One of the most poignant memories a person can have is a eulogy speech for a loved one that celebrated their life, and helped the survivor to focus on the life they lived, and not their departure. If you can deliver a eulogy speech that will help a person to have that experience, then you have fulfilled your duty to the survivor and to the departed.
Perhaps this article will help you deliver such a eulogy speech. There are many things you should understand about preparing for, writing, and then delivering the eulogy speech.
The basic format of a eulogy speech is normally an introduction, the main theme and the conclusion. As the main speaker you will need enough information to speak for at least eight minutes. If you are not the main speaker, your eulogy speech may need to be only two to three minutes.

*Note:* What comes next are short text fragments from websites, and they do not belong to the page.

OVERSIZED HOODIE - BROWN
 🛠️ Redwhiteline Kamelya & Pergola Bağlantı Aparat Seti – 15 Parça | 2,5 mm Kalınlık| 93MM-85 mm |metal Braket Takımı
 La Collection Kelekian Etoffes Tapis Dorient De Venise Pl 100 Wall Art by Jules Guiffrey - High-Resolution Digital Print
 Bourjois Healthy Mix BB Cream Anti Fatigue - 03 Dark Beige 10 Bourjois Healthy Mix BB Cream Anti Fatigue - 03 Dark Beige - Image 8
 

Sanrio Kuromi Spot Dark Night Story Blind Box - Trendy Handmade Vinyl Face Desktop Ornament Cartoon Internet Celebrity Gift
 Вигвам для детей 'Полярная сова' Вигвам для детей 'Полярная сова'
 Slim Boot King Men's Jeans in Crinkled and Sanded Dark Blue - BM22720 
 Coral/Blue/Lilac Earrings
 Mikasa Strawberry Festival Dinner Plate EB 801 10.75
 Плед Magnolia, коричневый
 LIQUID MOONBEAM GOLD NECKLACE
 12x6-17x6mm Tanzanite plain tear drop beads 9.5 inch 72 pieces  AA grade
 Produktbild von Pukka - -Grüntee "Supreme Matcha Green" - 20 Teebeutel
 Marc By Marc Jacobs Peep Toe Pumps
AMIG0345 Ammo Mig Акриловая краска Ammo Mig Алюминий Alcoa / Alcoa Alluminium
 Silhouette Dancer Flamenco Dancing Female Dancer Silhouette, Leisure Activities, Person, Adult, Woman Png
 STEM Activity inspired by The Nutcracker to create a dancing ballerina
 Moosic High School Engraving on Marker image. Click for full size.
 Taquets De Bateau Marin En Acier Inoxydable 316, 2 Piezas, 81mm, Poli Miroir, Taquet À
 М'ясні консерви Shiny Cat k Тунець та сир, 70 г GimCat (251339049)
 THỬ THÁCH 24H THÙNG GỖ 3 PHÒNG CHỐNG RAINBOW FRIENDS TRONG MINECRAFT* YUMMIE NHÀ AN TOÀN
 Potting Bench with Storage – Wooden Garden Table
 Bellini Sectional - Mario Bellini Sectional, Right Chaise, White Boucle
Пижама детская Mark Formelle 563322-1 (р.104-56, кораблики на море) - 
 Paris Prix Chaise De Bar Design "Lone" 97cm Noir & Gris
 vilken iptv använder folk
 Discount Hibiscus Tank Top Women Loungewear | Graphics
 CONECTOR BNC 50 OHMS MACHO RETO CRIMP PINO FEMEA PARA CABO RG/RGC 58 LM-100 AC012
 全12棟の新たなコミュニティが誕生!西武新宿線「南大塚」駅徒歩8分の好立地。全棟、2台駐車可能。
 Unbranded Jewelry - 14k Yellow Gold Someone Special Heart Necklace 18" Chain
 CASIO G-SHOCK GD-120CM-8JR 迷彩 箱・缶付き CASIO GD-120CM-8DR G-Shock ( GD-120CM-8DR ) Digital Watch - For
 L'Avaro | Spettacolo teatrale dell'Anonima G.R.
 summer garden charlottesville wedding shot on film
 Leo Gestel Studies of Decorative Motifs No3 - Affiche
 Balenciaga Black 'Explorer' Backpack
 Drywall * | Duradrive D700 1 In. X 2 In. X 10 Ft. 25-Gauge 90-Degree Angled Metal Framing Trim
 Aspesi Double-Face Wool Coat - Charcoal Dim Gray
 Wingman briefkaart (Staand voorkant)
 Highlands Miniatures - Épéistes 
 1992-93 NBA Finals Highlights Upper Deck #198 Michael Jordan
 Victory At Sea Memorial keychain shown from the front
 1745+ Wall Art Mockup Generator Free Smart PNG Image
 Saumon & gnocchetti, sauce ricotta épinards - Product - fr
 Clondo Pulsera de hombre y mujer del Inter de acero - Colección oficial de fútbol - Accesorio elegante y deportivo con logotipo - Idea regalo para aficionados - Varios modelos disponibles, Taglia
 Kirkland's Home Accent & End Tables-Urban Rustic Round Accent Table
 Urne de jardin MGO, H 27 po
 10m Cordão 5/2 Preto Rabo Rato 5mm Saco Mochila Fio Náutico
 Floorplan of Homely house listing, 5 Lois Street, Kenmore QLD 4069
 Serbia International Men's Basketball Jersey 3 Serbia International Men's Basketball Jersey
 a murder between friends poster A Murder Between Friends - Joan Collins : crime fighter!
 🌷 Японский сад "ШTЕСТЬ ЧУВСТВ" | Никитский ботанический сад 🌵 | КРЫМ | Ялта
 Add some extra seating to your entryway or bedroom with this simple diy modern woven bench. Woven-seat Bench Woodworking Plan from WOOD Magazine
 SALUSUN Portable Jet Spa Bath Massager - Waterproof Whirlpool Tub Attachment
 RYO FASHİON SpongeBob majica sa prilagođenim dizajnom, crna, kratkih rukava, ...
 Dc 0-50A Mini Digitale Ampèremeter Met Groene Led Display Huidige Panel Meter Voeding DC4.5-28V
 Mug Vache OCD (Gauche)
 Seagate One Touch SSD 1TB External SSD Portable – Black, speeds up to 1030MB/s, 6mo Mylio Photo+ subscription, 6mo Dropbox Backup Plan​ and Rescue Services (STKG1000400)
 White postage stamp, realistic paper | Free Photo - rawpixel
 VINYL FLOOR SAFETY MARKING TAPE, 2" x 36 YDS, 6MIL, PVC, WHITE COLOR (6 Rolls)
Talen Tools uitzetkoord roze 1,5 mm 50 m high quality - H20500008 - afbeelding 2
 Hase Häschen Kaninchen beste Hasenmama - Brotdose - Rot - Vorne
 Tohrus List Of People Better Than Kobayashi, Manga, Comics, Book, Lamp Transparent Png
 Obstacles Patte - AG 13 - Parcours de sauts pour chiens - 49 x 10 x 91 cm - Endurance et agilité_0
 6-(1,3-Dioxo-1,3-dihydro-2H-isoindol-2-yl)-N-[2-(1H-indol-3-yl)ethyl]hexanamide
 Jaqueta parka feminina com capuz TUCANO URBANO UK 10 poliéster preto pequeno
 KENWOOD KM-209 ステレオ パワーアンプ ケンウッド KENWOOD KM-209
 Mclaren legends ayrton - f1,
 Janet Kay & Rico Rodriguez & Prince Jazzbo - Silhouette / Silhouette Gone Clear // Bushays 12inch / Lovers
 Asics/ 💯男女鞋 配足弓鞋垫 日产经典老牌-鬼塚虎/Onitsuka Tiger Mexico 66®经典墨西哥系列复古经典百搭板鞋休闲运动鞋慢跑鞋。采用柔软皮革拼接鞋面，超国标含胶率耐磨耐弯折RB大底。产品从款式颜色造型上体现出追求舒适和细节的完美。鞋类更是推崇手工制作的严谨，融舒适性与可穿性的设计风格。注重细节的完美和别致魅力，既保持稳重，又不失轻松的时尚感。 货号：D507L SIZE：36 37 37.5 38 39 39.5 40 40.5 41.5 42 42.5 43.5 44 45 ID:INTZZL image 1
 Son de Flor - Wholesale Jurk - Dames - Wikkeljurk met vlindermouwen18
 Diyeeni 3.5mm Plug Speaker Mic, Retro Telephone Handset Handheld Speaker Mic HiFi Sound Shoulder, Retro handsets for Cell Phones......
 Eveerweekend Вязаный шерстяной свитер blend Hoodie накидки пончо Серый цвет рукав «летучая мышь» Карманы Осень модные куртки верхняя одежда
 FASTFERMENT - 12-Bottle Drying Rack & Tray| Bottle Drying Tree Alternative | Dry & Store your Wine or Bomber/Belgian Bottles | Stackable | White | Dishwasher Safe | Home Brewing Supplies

Make sure you gather all the material and information that you will need before you begin writing the speech. If you are the main speaker, your eulogy speech should have all the following:
- Stories about the person's life
- Stories from friends and family
- Highlights of the person's life
- A favorite poem or saying or quote of the deceased
- Be consistent with how the deceased would like to be remembered
- Your facts: when and where born, where raised, schools, jobs, survivors, etc.
As you begin to write, think about the words you choose carefully, you want to try and create a eulogy speech that when delivered will be uplifting and inspiring for the attendees of the memorial service.
Acknowledge in an honest way the departed. It is a common flaw to want to present the departed in a grandiose way, better, bigger, smarter, etc. than they actually were. This is not what the departed wanted, this is not what the attendees want. They want to hear the honest things about the departed. If he was a janitor, do not say, “Joe was the most phenomenal janitor that ever cleaned the halls at work, in fact he was given many awards for how his floors shined. . . unless that is actually true!
Try this in the eulogy speech instead: Joe was a janitor. He was well liked and respected by all the people he worked with. He would do little things to help make their day better. I remember one time when he learned that one of the secretaries had allergies to dust. He left her special cleaning cloths to remove dust when his schedule was cut back. That was the kind of person Joe was. It didn't matter to him that he never became a rocket scientist. It mattered to him that he did his job the best that he could and tried to help those around him with the job he did.
At the same time, the eulogy speech should not be a place where a negative statement enters in. Let the eulogy speech honor the person and all their good.
Make sure you close with a thoughtful and sincere ending that will let people know how the departed lived and loved life and how they wanted to be remembered.